*** Supplied entries ***

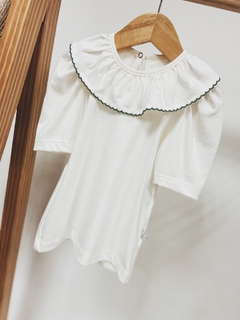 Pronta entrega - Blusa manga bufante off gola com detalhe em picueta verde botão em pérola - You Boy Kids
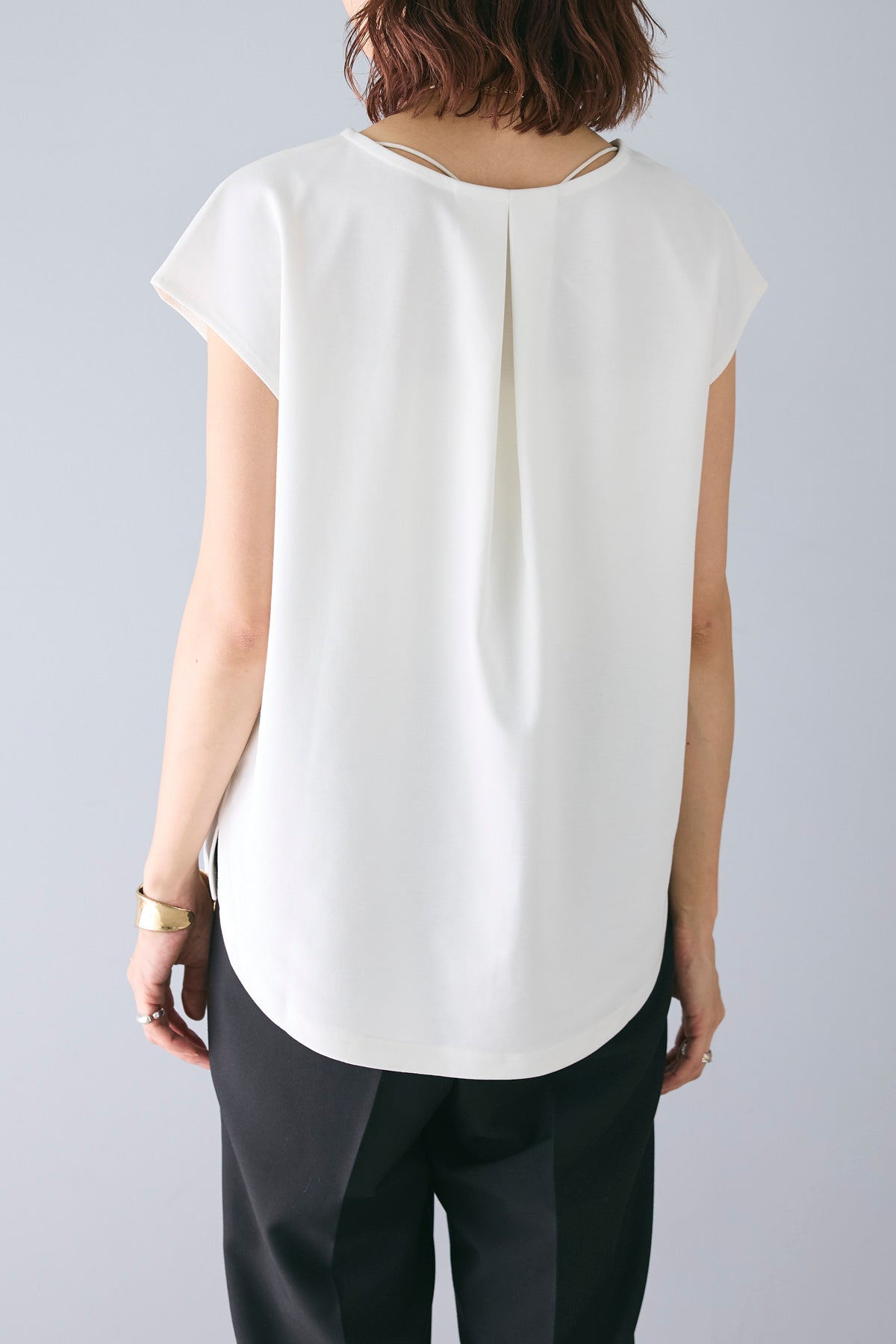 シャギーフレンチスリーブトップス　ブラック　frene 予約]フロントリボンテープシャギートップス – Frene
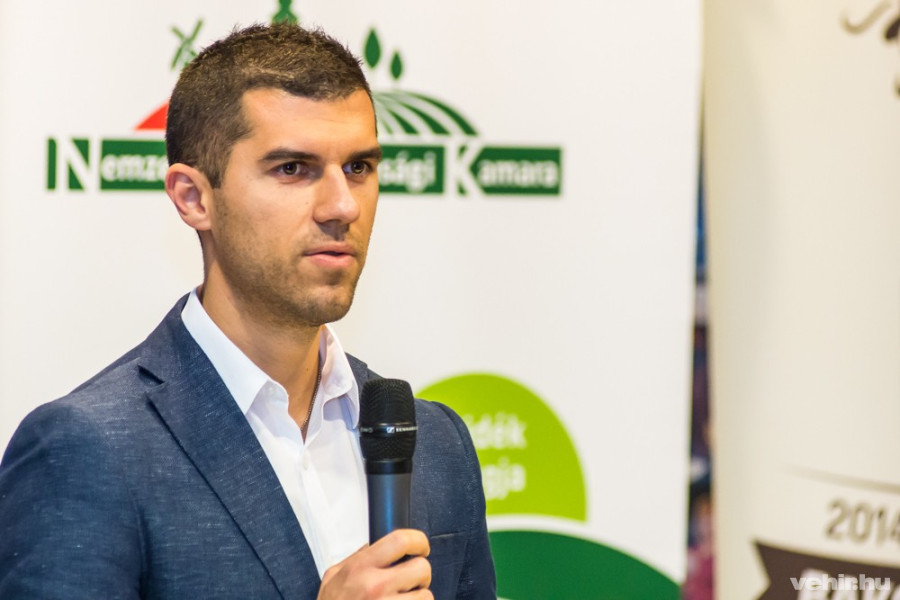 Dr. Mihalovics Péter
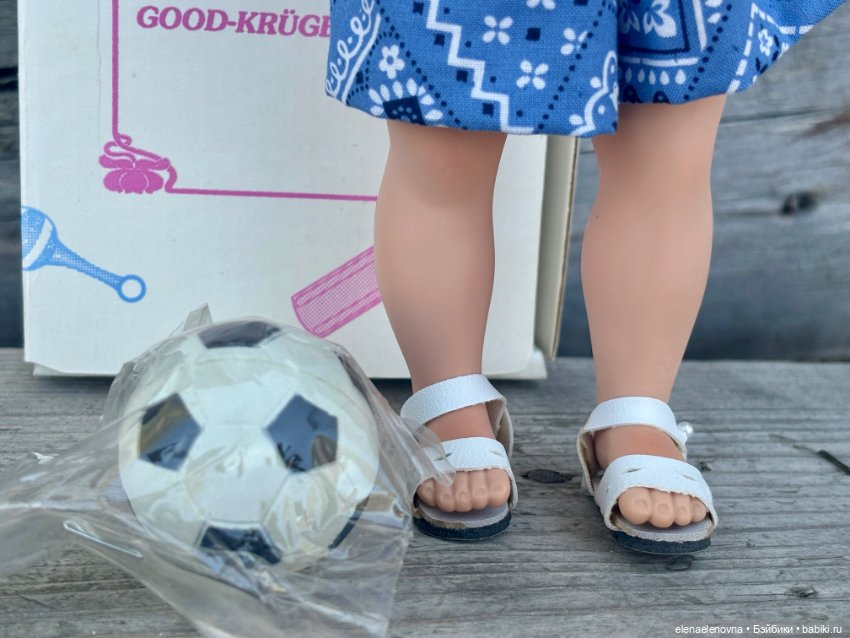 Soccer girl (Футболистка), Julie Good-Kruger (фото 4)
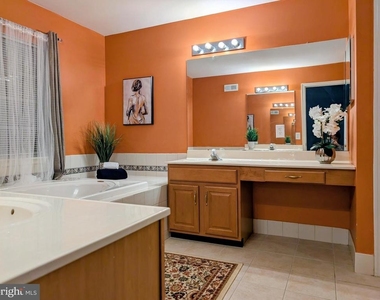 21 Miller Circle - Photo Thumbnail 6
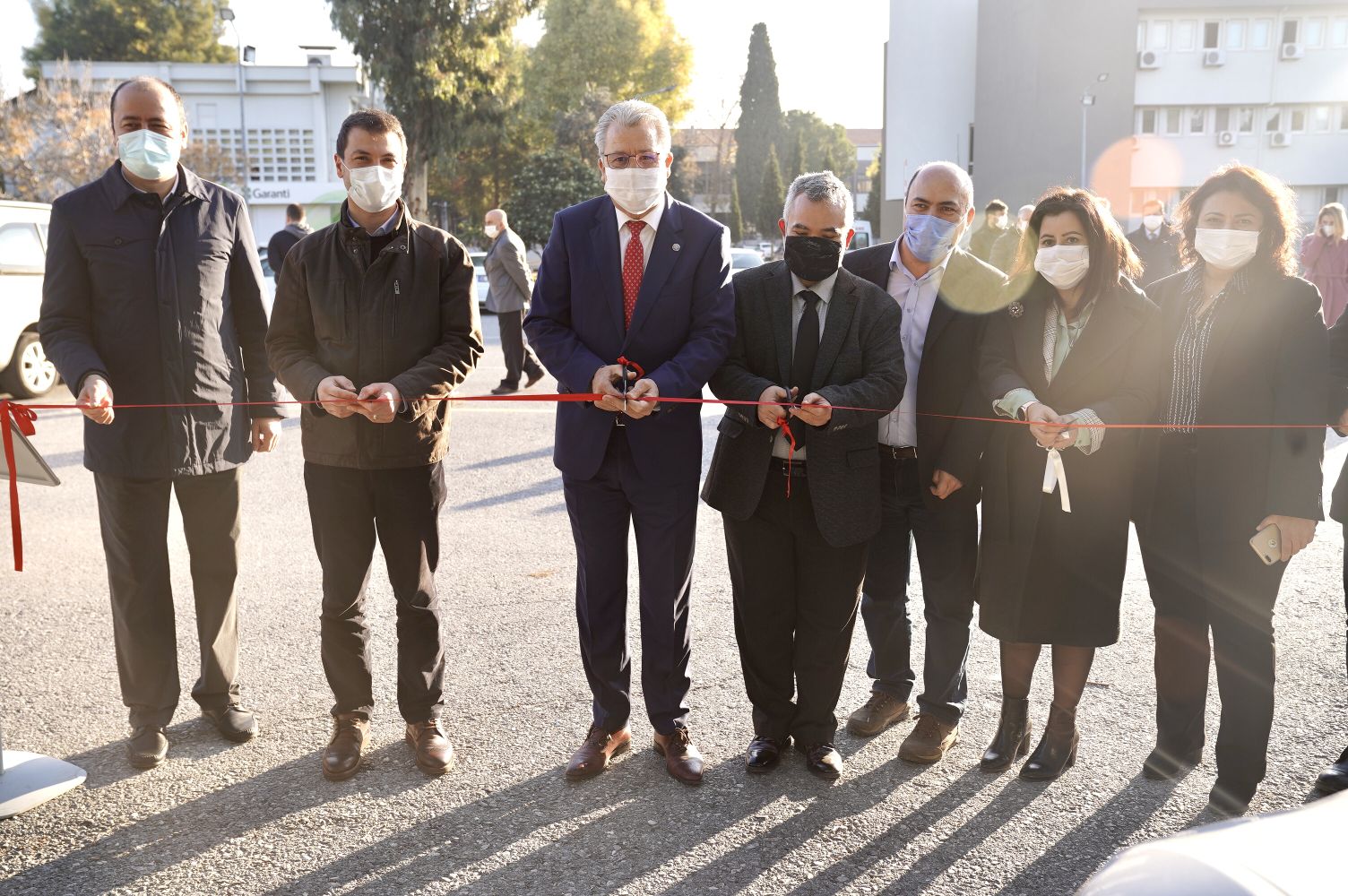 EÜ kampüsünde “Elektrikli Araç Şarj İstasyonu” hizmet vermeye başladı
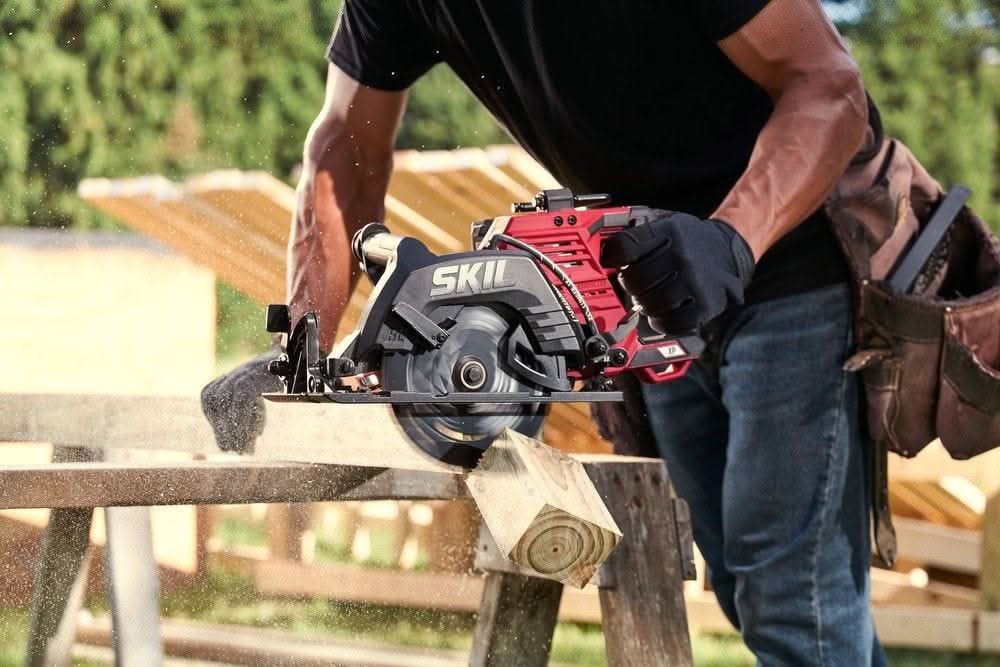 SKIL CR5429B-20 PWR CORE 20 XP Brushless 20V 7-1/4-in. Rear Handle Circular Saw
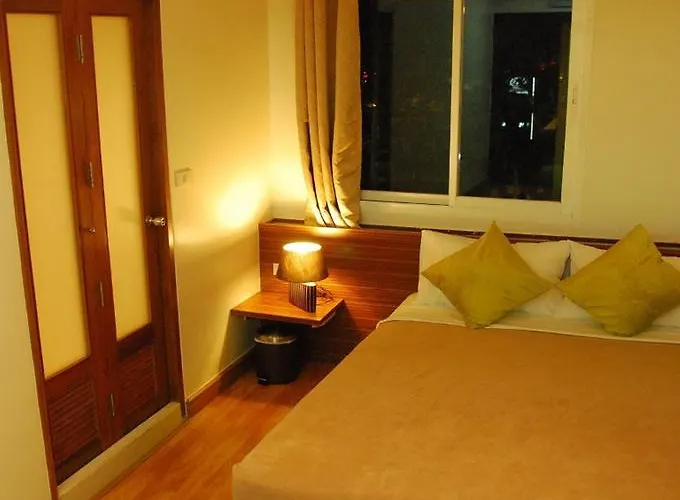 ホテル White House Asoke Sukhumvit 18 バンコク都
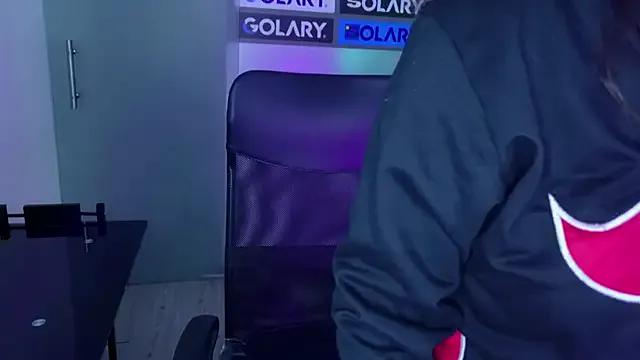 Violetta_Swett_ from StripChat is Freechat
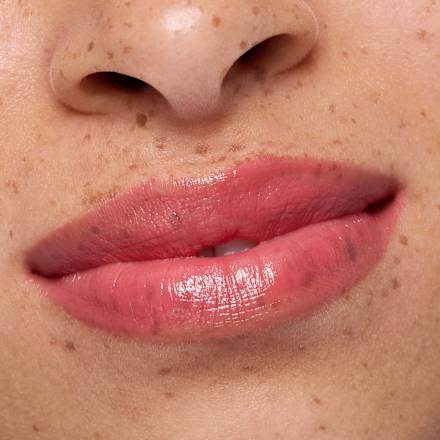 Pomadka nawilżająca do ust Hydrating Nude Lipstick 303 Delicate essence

*** End of Supplied entries ***

[How to complete this task]:
From the line containing "Soccer girl (Футболистка), Julie" through the final line of the records, write out each line exactly, and include no pictures.

[Solution]:
 Soccer girl (Футболистка), Julie Good-Kruger (фото 4)
 21 Miller Circle - Photo Thumbnail 6
 EÜ kampüsünde “Elektrikli Araç Şarj İstasyonu” hizmet vermeye başladı
 SKIL CR5429B-20 PWR CORE 20 XP Brushless 20V 7-1/4-in. Rear Handle Circular Saw
 ホテル White House Asoke Sukhumvit 18 バンコク都
 Violetta_Swett_ from StripChat is Freechat
 Pomadka nawilżająca do ust Hydrating Nude Lipstick 303 Delicate essence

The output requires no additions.